His method was direct. He filed lawsuits demanding equal pay for Black teachers (winning the first such case in the Deep South, 1937). He documented and publicized every Florida lynching he could trace — at least 26 between 1934 and 1950. He drove from town to town in his Ford organizing NAACP branches and registering voters. The Progressive Voters' League he co-founded with Harriette explicitly targeted the Florida Democratic primary after the Supreme Court's Smith v. Allwright (1944) outlawed the white primary.

His confrontation with Lake County Sheriff Willis V. McCall over the Groveland Four — four young Black men accused on weak evidence of raping a white woman in 1949 — proved fatal. After the Supreme Court ordered new trials, McCall in November 1951 shot two of the defendants while transporting them, killing Samuel Shepherd. Moore publicly called for McCall's indictment and removal. On Christmas night, six weeks later, the bomb went off under his bed.

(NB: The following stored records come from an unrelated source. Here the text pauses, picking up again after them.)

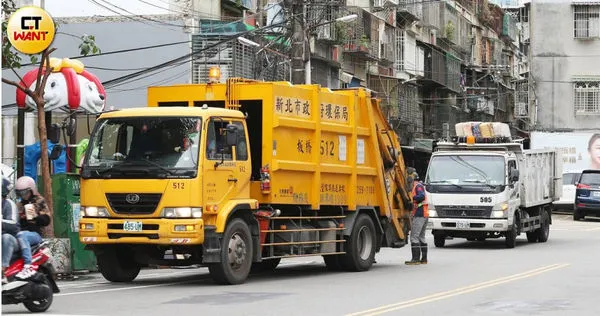 新北市近4年內發生3起垃圾車與機車騎士的死亡車禍，在家屬心中留下難以抹滅的傷痕。（示意圖／趙世勳攝）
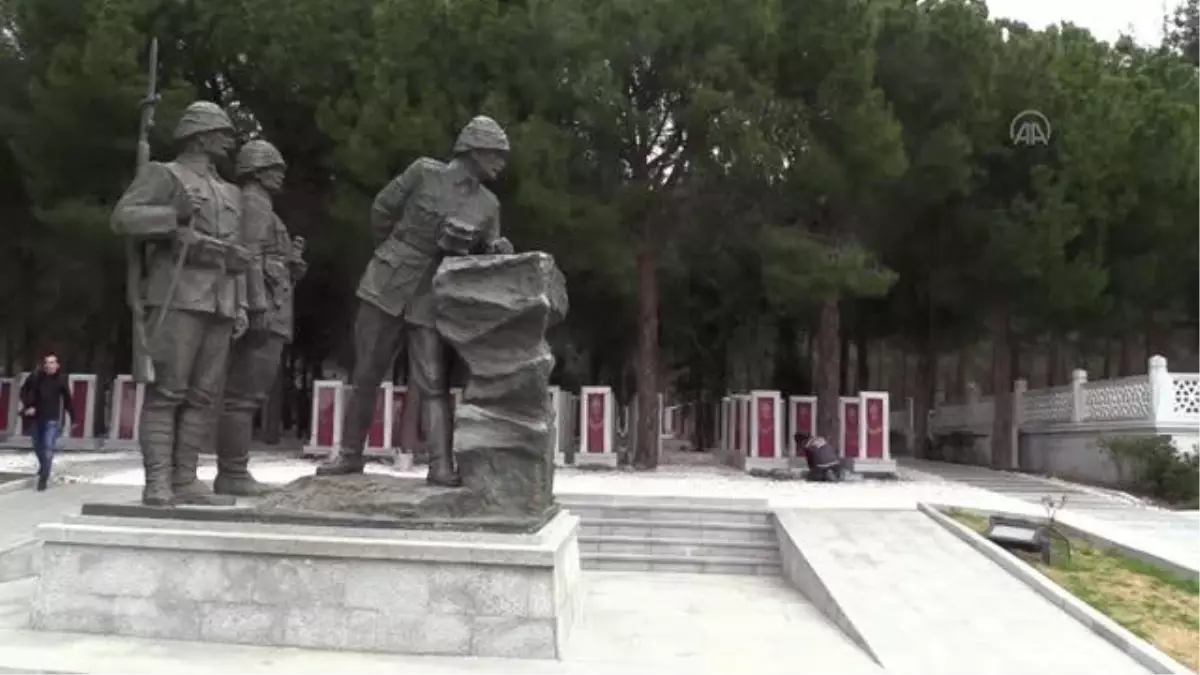ÇANAKKALE - Şehitler Abidesi bölgesinde 18 Mart törenleri için hazırlıklar sürüyor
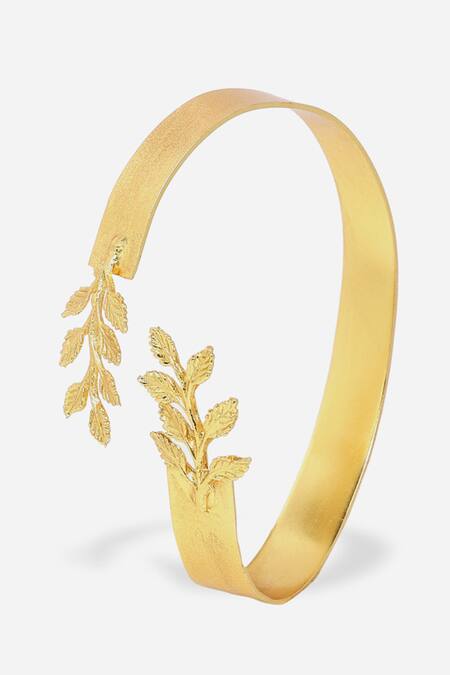 Buy Dugran By Dugristyle Gold Plated Zubairi Leaf Carved Bracelet Online at Aza Fashions Buy_Dugran By Dugristyle_Gold Plated Zubairi Leaf Carved Bracelet _Online_at_Aza_Fashions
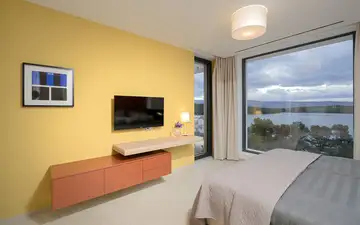 Jelsa Villa for 12 Guests with Pool & Hot Tubs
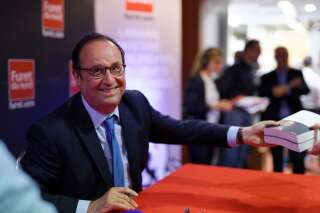 François Hollande signant son livre 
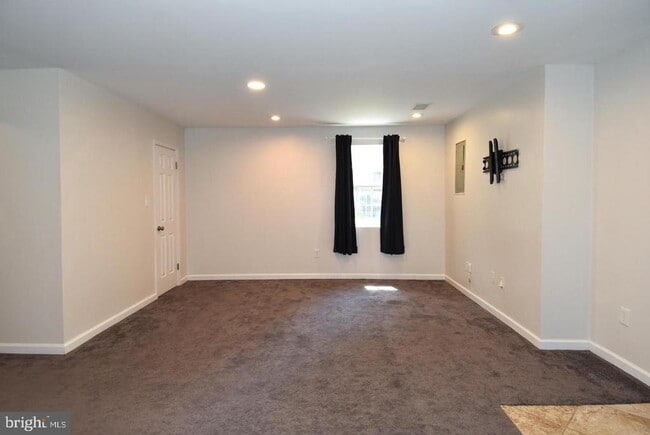 Building Photo - 5920 Langton Dr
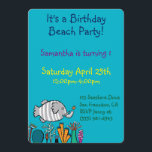 Niedliche Elephant Fish Szene mit Korallen Einladung<br><div class="desc">Ist das ein Elefant mit Flossen? Nein, es ist ein Ellenfisch! Aus dem wunderschön illustrierten Lucy Cousins Buch "Hooray for Fish" (veröffentlicht von Candlewick Press), zeigt diese Szene Cousins orange-grüne kleine Fische, die sich mit einem neuen Fisch anfreunden, der wie ein Elefant aussieht. Diese beiden niedlichen Meereslebewesen sind von einer...</div>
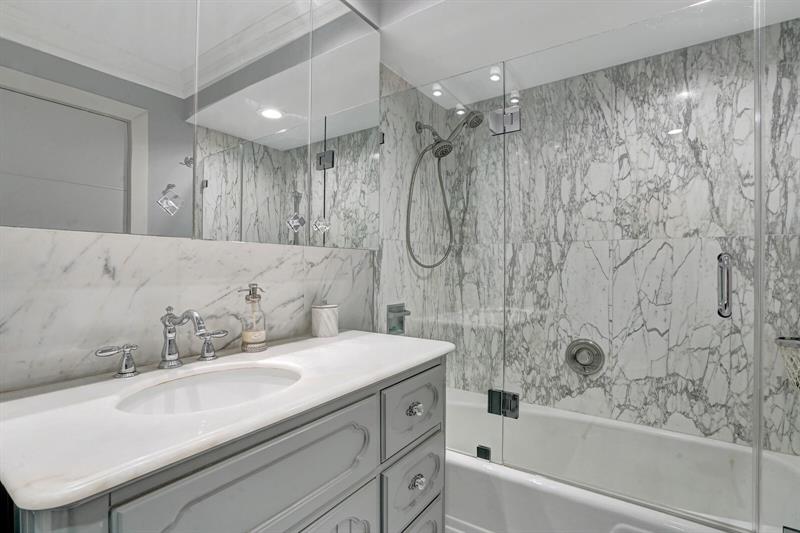 Image 19 of 43 For 4100 Galt Ocean Dr  305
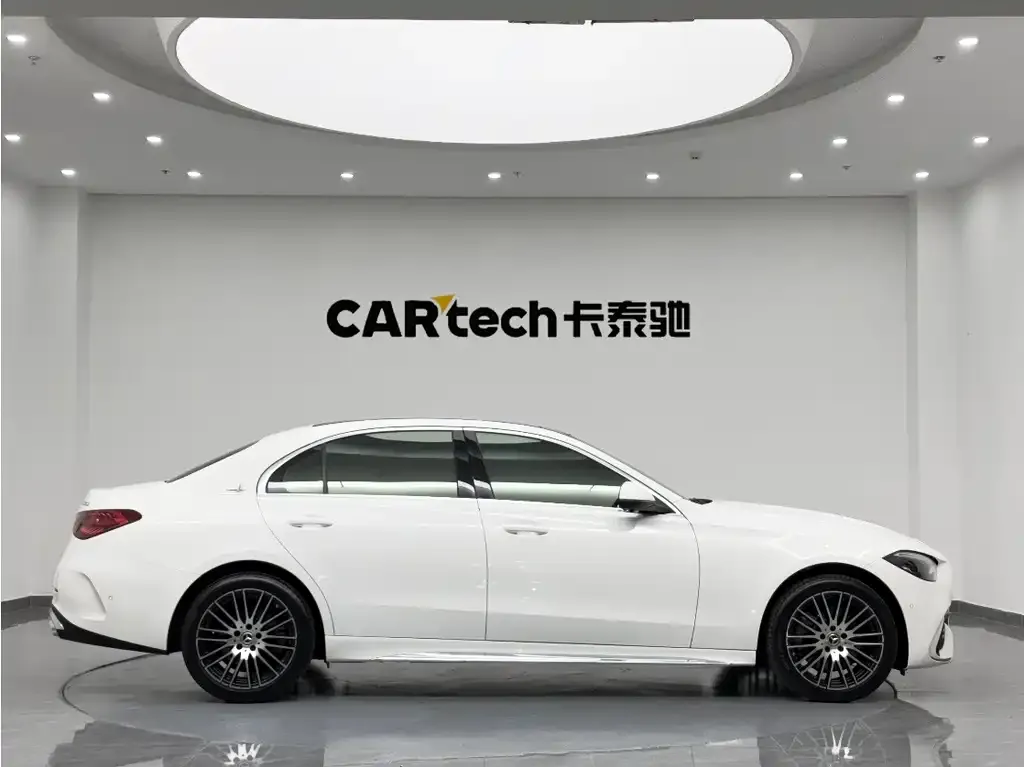 Mercedes-Benz C-Class — фото 2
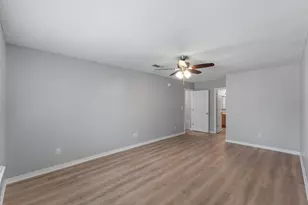 8828 Arlington Pl, Navarre, FL 32566 - Photo 23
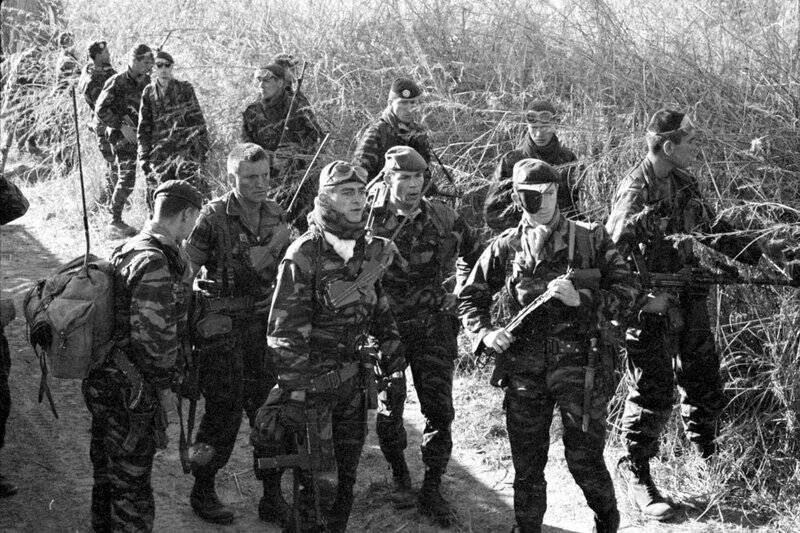 Идет бой с двумя батальонами французского легиона. Берет иностранного легиона. Французский легион спецназ. Французский легион чвк. 2 rep иностранный легион.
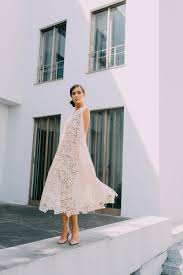 Brautmode hochzeit schöne brautkleider kleider spitzenkleider braut klassisches hochzeitskleid brautkleid vintage. Alternatives Brautkleid Brautkleid Fur Das Standesamt Die Schonsten Kleider Fur Die Standesamtliche Trauung Cosmopolitan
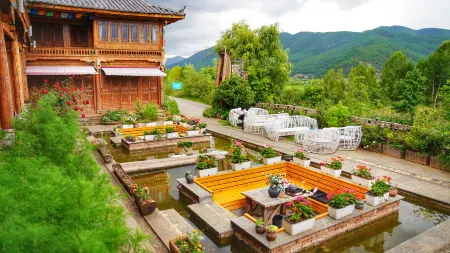 Floral Hotel·First sight of Huyun residential hotel in Lugu Lake Отели рядом с достопримечательностью «Luowa Dock»
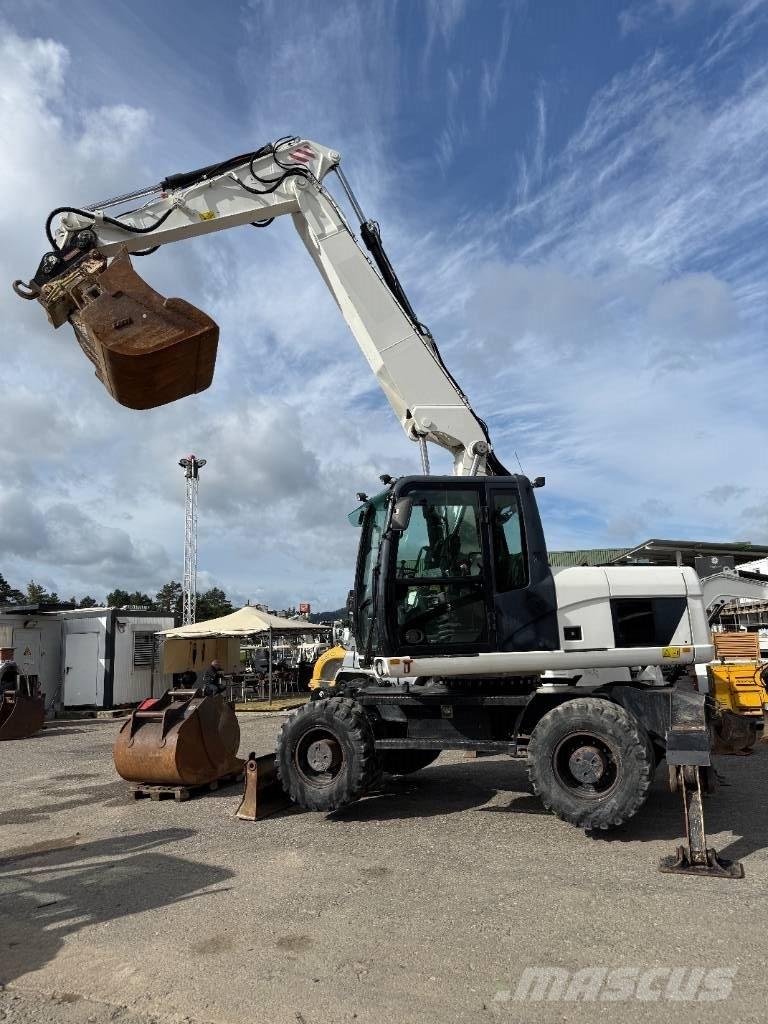 CAT M 316 D Gumikerekes kotrók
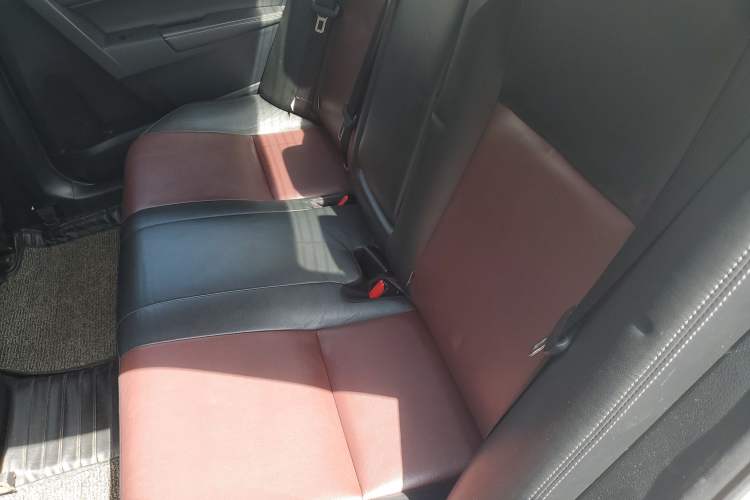 Used Toyota Corolla 2018 Dual-Engine 1.8L E-CVT Smart Edition
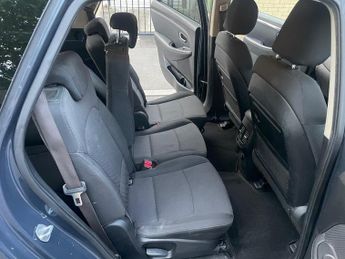 Kia Carens 1.7 CRDi 2 MPV 5dr Diesel DCT Euro 6 (s/s) (139 bhp)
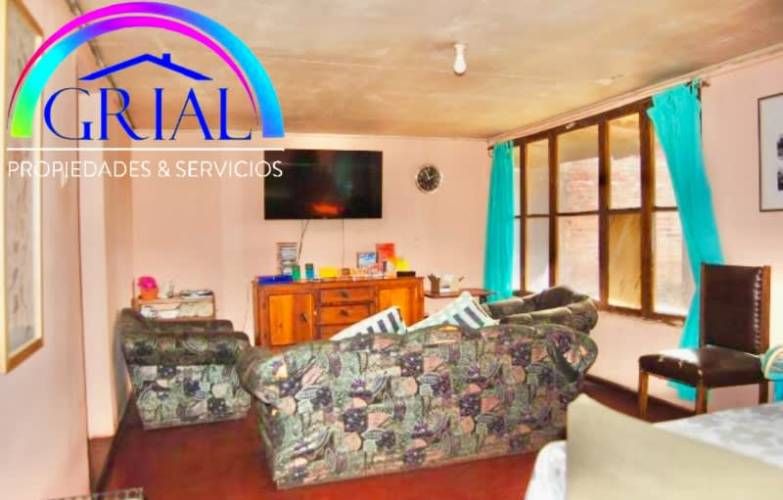 Amplia casa en Tiltil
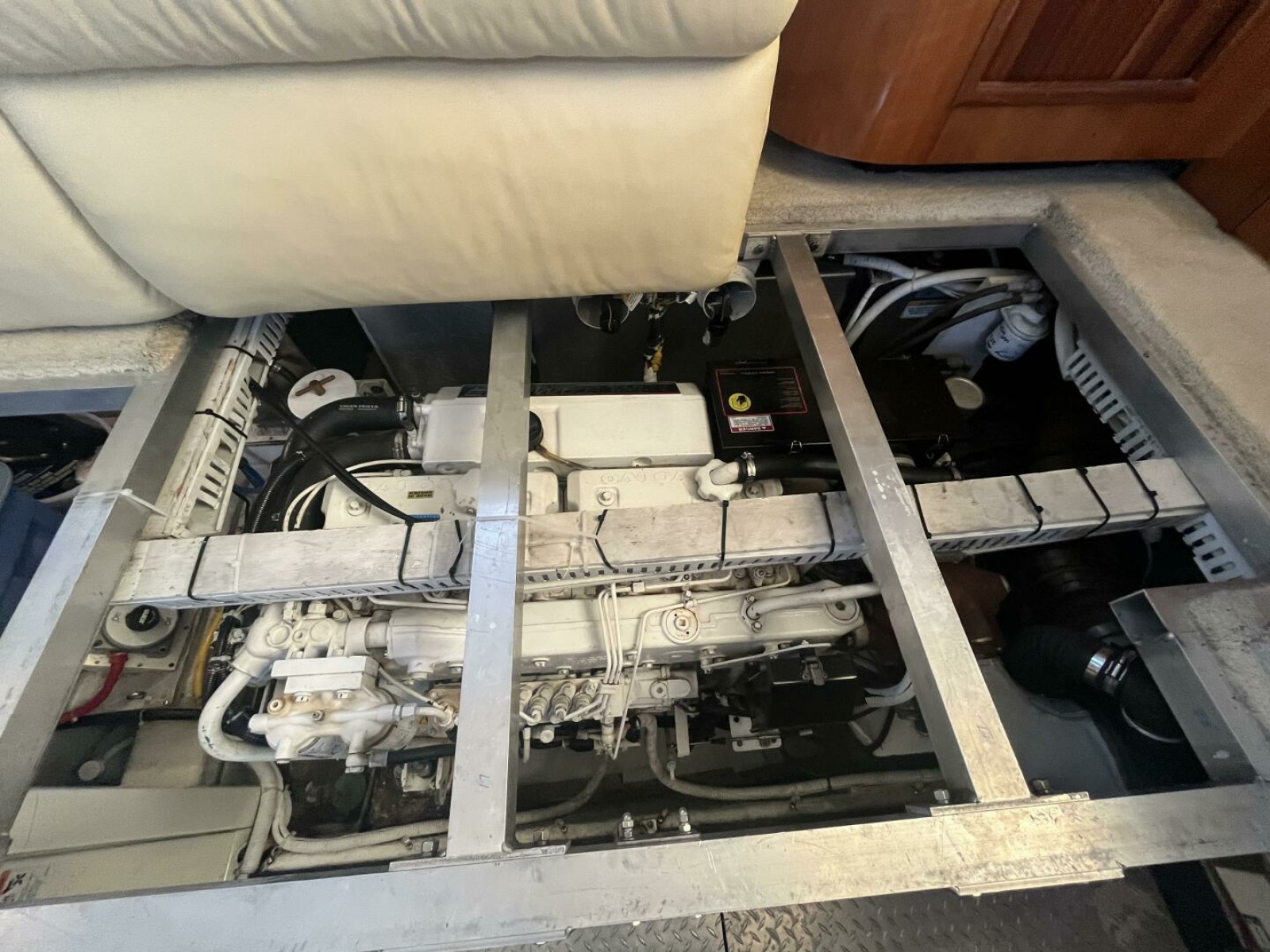2003 Carver 444 Cockpit Motor Yacht 44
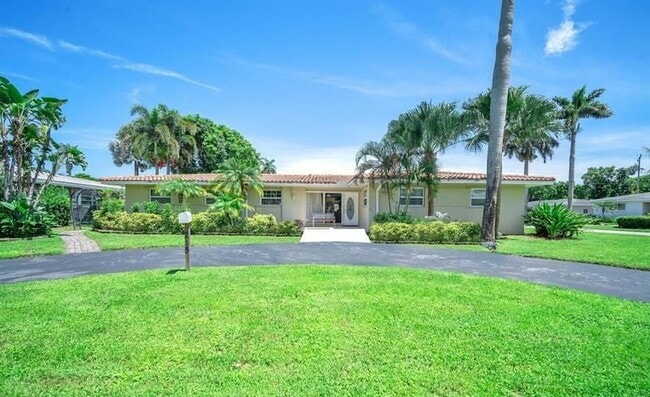 property at 215 Entrada Dr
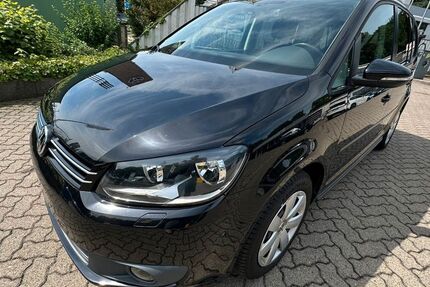 VW Touran 131.738 km 10.499 &euro; Wedel 22880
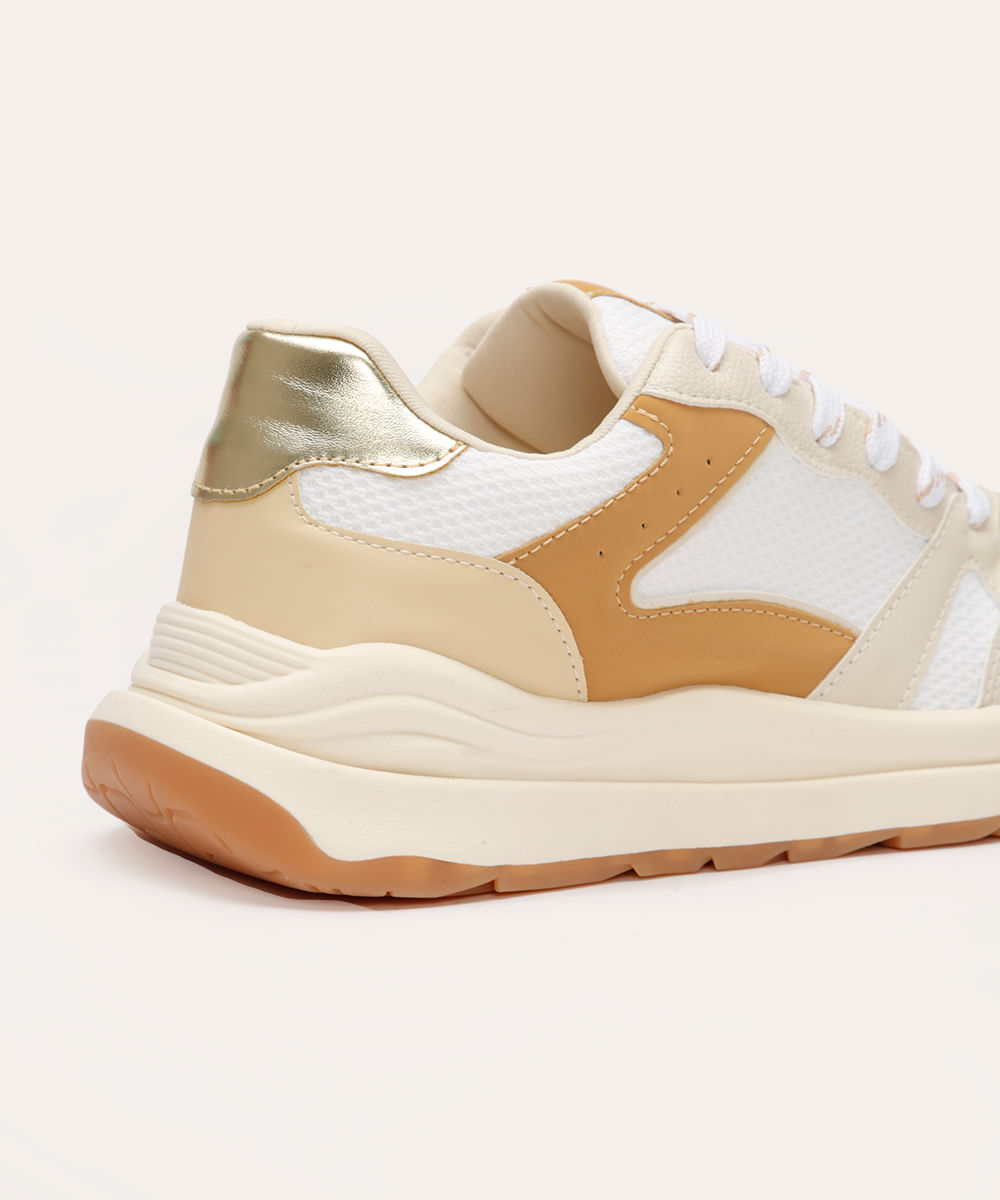 tênis casual com recortes oneself off white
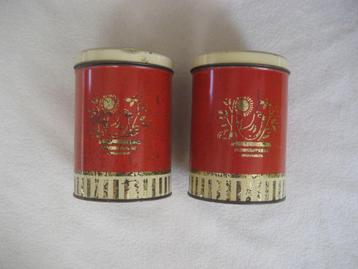 2 oude brocante blikken / voorraadbussen rood beschikbaar voor biedingen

The case was not closed in his lifetime or in his children's. The FBI's 1952 investigation identified Klan suspects but produced no charges; two of the named suspects committed suicide before any prosecution could be brought. A 2006 Florida Department of Law Enforcement investigation, ordered by Attorney General Charlie Crist, named four Klansmen — all then dead — as the likely conspirators. The case officially remains unsolved.